Brands May Profit If Companies Invest in Employees

Published on June 27, 2014

Bauer Professor Part of Team Researching Employee Contribution to Brand Equity

Betsy Gelb is the Larry J. Sachnowitz Professor of Marketing & Entrepreneurship at Bauer College.

Betsy Gelb is the Larry J. Sachnowitz Professor of Marketing & Entrepreneurship at Bauer College.

For businesses looking to differentiate themselves among competitors in the marketplace, the best investment might be empowering employees with training and a shared understanding of the organization’s brand, according to a team of experts that includes a C. T. Bauer College of Business professor.

Betsy D. Gelb, professor of marketing and entrepreneurship at Bauer College at the University of Houston, says the research was sparked by wanting to know what employees contribute to the value of a brand. Gelb and her research partner, Deva Rangarajan — a Belgian sales force management and customer experience management expert — interviewed marketing and human resources executives in the United States and Europe to hear examples of employee influence on initial purchase and repurchase by consumers and industrial buyers.

In research published in the University of California-Berkeley’s Haas School of Business journal California Management Review, the pair point out employees’ impact on brand equity as the source of the perceptions and feelings of potential and current customers toward a particular brand.
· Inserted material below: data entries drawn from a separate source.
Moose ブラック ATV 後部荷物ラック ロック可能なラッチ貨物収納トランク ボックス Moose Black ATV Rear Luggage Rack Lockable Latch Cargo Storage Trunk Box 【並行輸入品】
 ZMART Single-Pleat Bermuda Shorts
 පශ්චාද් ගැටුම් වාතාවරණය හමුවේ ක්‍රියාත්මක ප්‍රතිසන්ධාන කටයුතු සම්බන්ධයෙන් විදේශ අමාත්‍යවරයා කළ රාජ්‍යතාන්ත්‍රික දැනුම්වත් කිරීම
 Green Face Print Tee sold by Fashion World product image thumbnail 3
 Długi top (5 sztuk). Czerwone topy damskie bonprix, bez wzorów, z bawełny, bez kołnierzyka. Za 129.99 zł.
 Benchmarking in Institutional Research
“The employees who influence brand equity are those who make the brand what it’s best known for,” Gelb said. “It’s up to top management to say what they want their company’s emphasis to be, but employees make it happen.”

Gelb and Rangarajan say that such employees are “elements of the brand,” but they may also be “brand ambassadors.” Their research indicates that brand ambassadors specifically go beyond assigned job responsibilities when representing their company.

Whatever role an employee plays, companies need to dedicate funds and training resources to ensure that employees understand how they can make the brand “special” to customers. It may involve going beyond product knowledge and demonstrating that a company is innovative, for example, or is identified with a particular national culture.

“It’s a bit of a challenge completing research like this because not everyone is willing to talk to you,” Gelb said. “It took us several months to complete, but the executives who participated were often able to offer concrete stories that can help other managers assess the importance of their employees in regards to branding.”

This ability to assess employee value matters greatly when a company is considering significant layoffs, Gelb notes. In all likelihood, layoffs are undertaken to cut costs, but sensible companies keep the employees who make the brand what it is, and the cost-savings of a layoff may be diverted to reward those employees and thereby keep them with the company.

“It’s up to the managers of these companies to provide that motivation for their employees if they want to see results,” Gelb said. “You can take a basic marketing class and learn a simple success model for business, but eventually you find that it’s more complicated than that. You have to understand that the cheapest solutions are not always the best ones when it comes to branding. Companies are finding that you have to invest in your employees in order to see positive results.”